フジテレビで行われた第三者委員会の記者会見=31日午後、東京都港区

 「芸能界の大御所の誘いは断れなかった」。31日に公表されたフジテレビの第三者委員会による調査報告書で、女性アナウンサーは元タレント中居正広氏との圧倒的な力関係の下で食事の誘いに応じ、性被害に遭った過程が明らかになった。フジ側はこうした心情に寄り添えず、女性はさらに追い詰められていった。

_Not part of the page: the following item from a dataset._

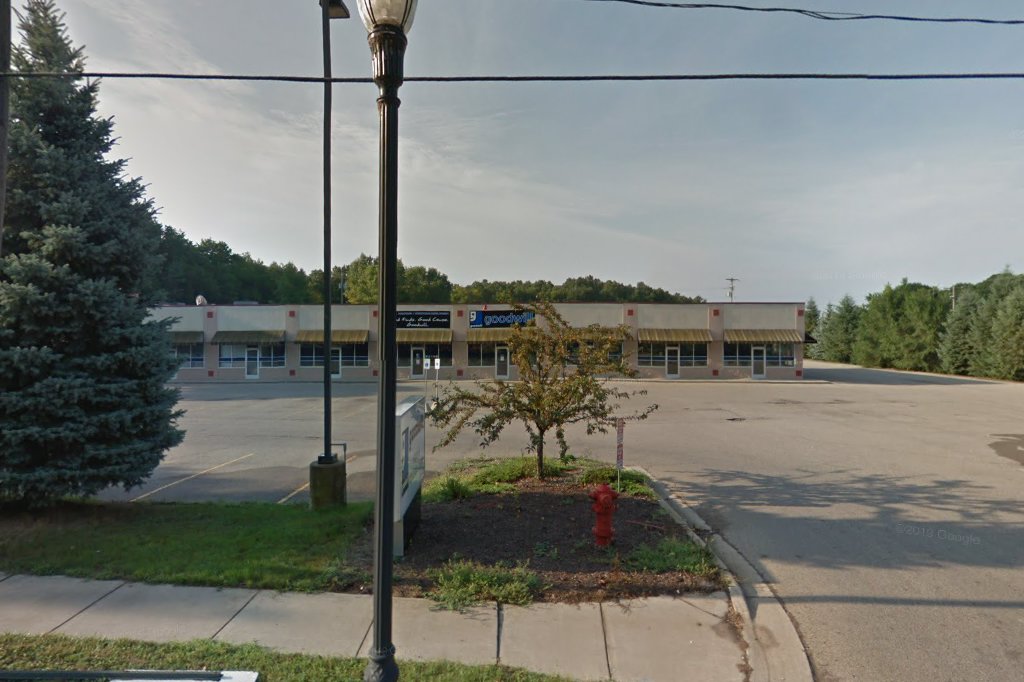 Goodwill Belding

 報告書によると、女性と中居氏は2023年5月に中居氏のマンションでのバーベキューで同席。2日後、中居氏は当初、複数人での会食であるかのように装って女性を誘った上で「メンバー見つからずです。2人だけじゃ気になるよね。せっかくだから飲みたいけど」などと2人きりになることを要望した。さらに「この間の(マンション)なら、安心かも」と提案。女性は「芸能界の大御所で、行かざるを得ない。断ったら(ベテラン社員に)伝わり、番組に呼ばれなくなるのではないか」と不安を抱き、マンションへ向かったと証言している。

 一方、性暴力の報告を受けたフジの幹部らは「立場上断れなかったとは思わなかった」。被害を「男女間のトラブル」と捉えた。